Un autre symptôme de l’économie de dette est que l’on doit consacrer plus de temps à gérer son patrimoine et anticiper l’inflation, et moins de temps à des activités productives. Si on ne le fait pas soi-même, on peut le sous-traiter à une société spécialisée. Il n’est donc pas surprenant d’assister à une croissance aussi importante des sociétés de gestion de fonds, qui perçoivent des management fees élevés (cf. remarques d’Aglietta sur la finance hypertrophiée).
(P.S. si quelqu’un a une bonne référence sur la notion d’économie de dette, je suis preneur, merci! dédicace spéciale à éconoclaste-Alexandre )
Voici quelques autres symptômes d’une économie de dette qui me viennent à l’esprit :
- elle déresponsabilise les acteurs, car en cas de pertes, c’est le créancier (ou le contribuable) qui paie;
- elle est fragile, car au moindre choc l’effet domino propage l’onde de choc à beaucoup d’acteurs;
- elle menace les contrats privés, car lors d’une faillite c’est le liquidateur judiciaire qui solde les contrat, et la volonté initiale des parties cède la place au pouvoir judiciaire (ou exécutif…).
Real dit :
@ Gu Si Fang
votre explication via le concept d’economie de la dette me semble tres feconde. Une telle economie ne peut me semble t-il fonctionner durablement que si le taux de rendement des actifs est superieur au taux d’interet . Je me souviens de mes lectures dans une autre vie sur le taux d’interet naturel de Wicksell et des desordres en matiere de creation monetaire qui s’en suivaient lorsque le taux d’interet effectif passait sous le taux naturel. Les banques centrales ,en etant en grande partie responsables du niveau general des taux d’interet, jouent un role tres perturbateur. je ne sais pas si cette analyse a eu des developpements modernes mais son application a la crise actuelle est tres eclairante.
@ Real
Je n’ai lu que des commentaires sur Wicksell et pas la source, mais je sais que c’est lui qui a développé cette idée que la manipulation du taux d’intérêt monétaire était néfaste. Si le taux monétaire s’écarte du taux naturel, le signal “prix du temps” est bruité et les acteurs se trompent dans leurs calculs économiques.
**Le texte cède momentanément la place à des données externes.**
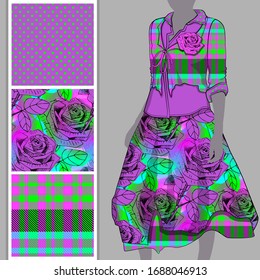 Vector set of seamless patterns with flowers, cell and polka dots for printing on clothes. A set of clothes with a print and seamless patterns. Print on T-shirts, bags and and other fashion products.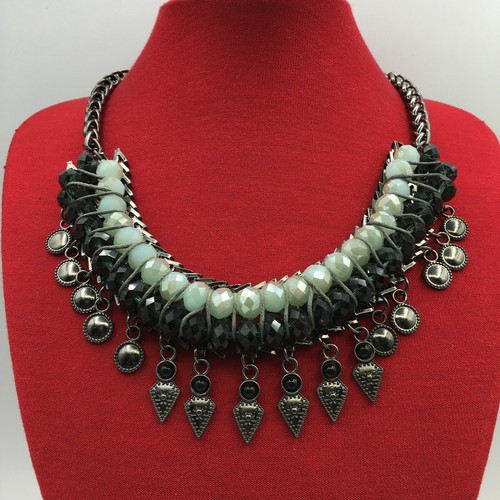 FREEDOM Necklace Statement Bib Length Black and Blue Tone Charm Christmas Party - Picture 4 of 5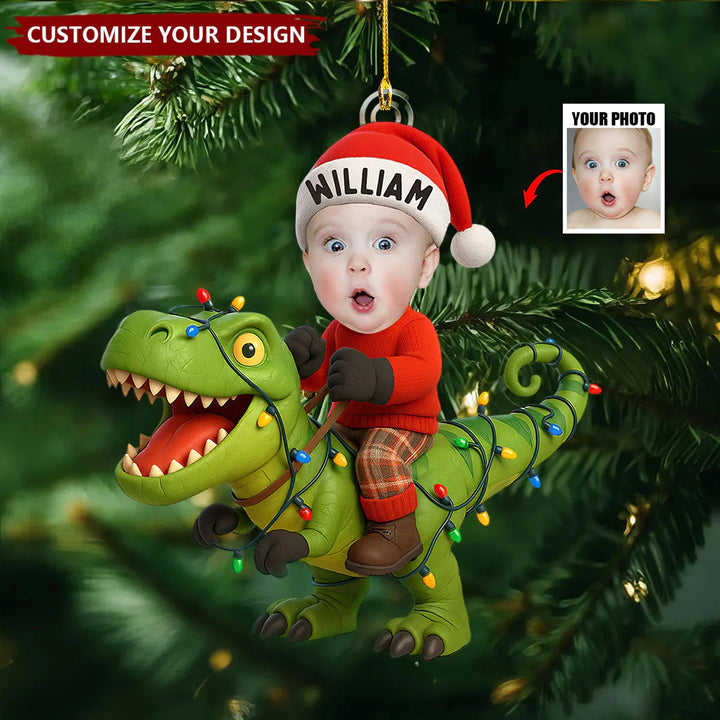 Photo d'enfant personnalisée avec décoration dinosaure, cadeau amusant pour enfant
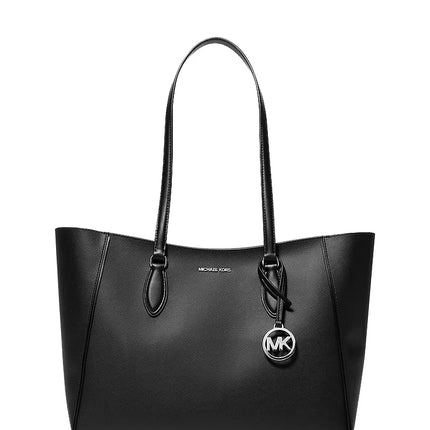 Michael Kors Women's Jet Set Travel Large Smooth and Signature Logo 3-in-1 Tote Bag Black/Silver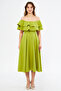 Pistachio Green Off-Shoulder Karmen Collar Flowy Woven Fabric Flared Midi Length Homecoming & Evening Dress - 4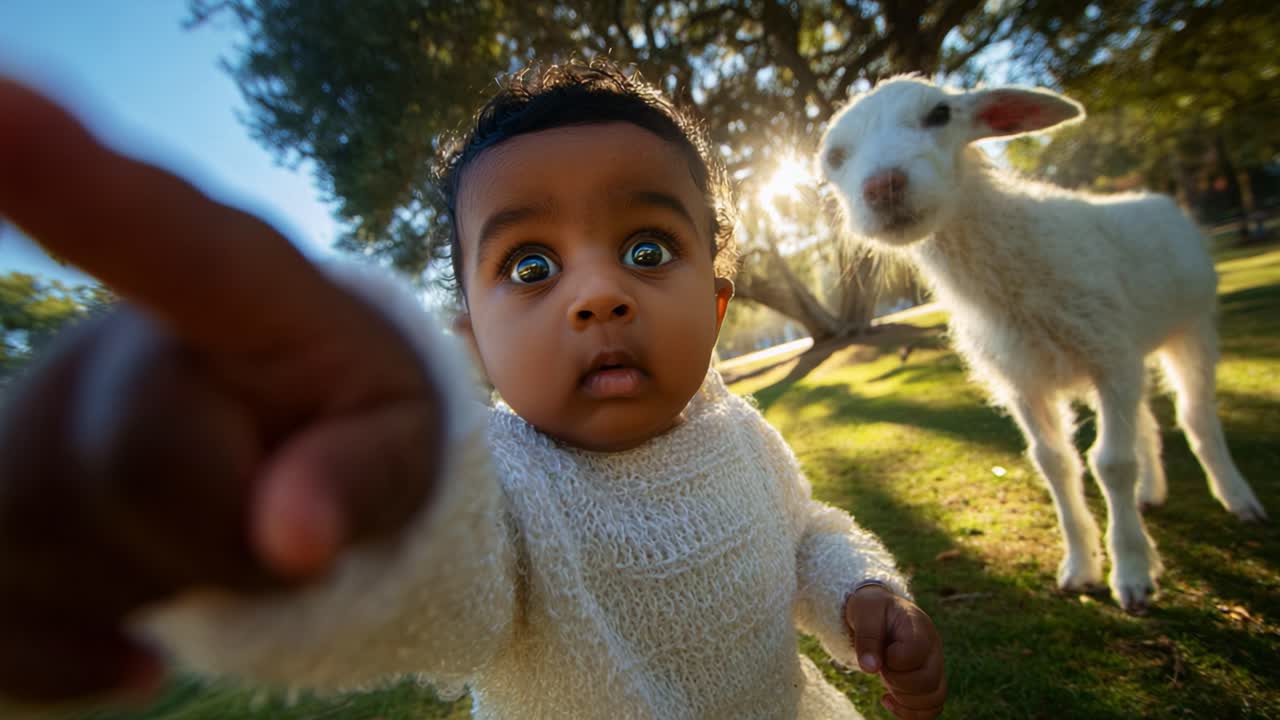 Um bebê visivelmente surpreso e um cordeiro curioso aproveitando uma brincadeira ao ar livre juntos, cercados por vegetação exuberante e luz natural brilhante, capturando um belo momento de inocência e alegria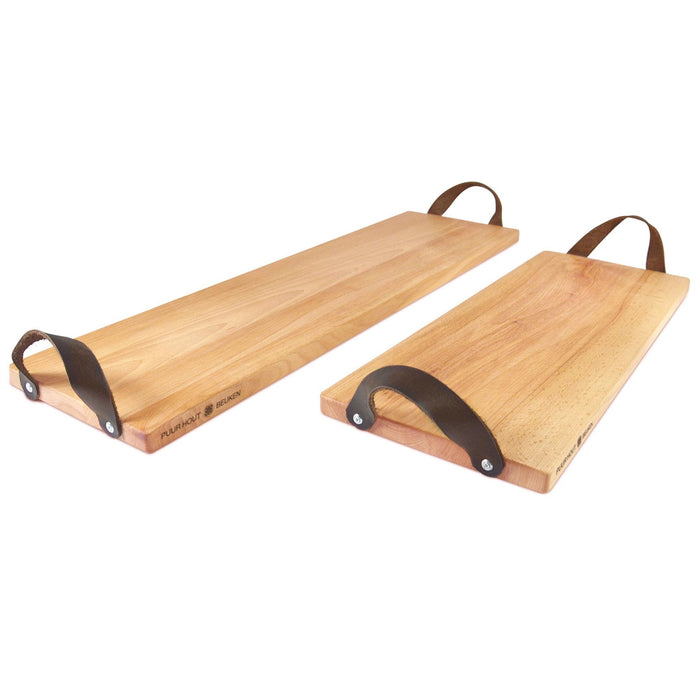 Serving tray-Beech wood 49 x 19.5 cm handle leather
La principale objection est celle des anticipations rationnelles. Tout le monde sait que les B.C. ont une politique monétaire expansionniste, et on peut donc se protéger en intégrant une prime d’inflation dans les contrats de prêt. Mais cette objection est insuffisante, car même si on essaie consciemment de hedger contre les décisions des B.C. il n’y a pas moyen de le faire parfaitement puisqu’elles sont discrétionnaires. On peut donc réduire les effets mais on ne peut jamais les annuler complètement. De plus, ce travail d’anticipation a un coût (les salaires des “Fed watchers” sont un exemple), il ne faut pas l’oublier!
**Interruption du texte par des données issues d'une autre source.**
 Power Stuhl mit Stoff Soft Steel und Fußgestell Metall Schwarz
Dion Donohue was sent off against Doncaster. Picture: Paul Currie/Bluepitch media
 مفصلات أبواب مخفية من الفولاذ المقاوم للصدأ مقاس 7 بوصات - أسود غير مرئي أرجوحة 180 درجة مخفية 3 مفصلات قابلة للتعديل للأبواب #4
Il y a un deuxième argument qui n’avait pas été vu par Wicksell. Avec une expansion monétaire constante et prévisible (par exemple 4% à la Friedman), tout le monde pourrait en théorie anticiper et se protéger parfaitement contre l’inflation. Mais même dans ce cas “idéal” il subsisterait un autre effet qui, lui, ne peut pas être éliminé. C’est ce qu’on appelle l’effet Cantillon ou effet d’injection : la création monétaire n’est pas distribuée de façon homogène (génie pour Hume, hélicoptère pour Friedman). Certains reçoivent la nouvelle monnaie en premier, et d’autres en dernier une fois qu’elle a passé de main en main. Or les premiers et les derniers n’ont pas les mêmes préférences, et il en résulte une distorsion de la demande, des variations de prix relatifs, ainsi qu’une redistribution de richesses opaque et aléatoire.
Au final, mon sentiment est que :
- les anticipations ne sont pas très bonnes : l’inflation constatée ex post a été généralement supérieure aux anticipations ex ante, et les acteurs économiques ne hedgent pas si bien que ça;
- les variations de prix relatifs conduisent entre autres à des hausses qui se transforment en bulles dans l’immobilier ou les commodités, ainsi qu’à des profits et des salaires très élevés dans la finance;
- à long terme, ceci n’est pas soutenable, d’autant que le levier augmente sans cesse (par définition) et que le secteur financier est de plus en plus fragile.
NB : J’emploie le terme “economie de dette” que j’ai du lire quelque part, parce qu’il me semble correspondre à ce qui est décrit. Je ne sais pas ce qu’il désigne habituellement. Si quelqu’un a une référence, merci de la partager!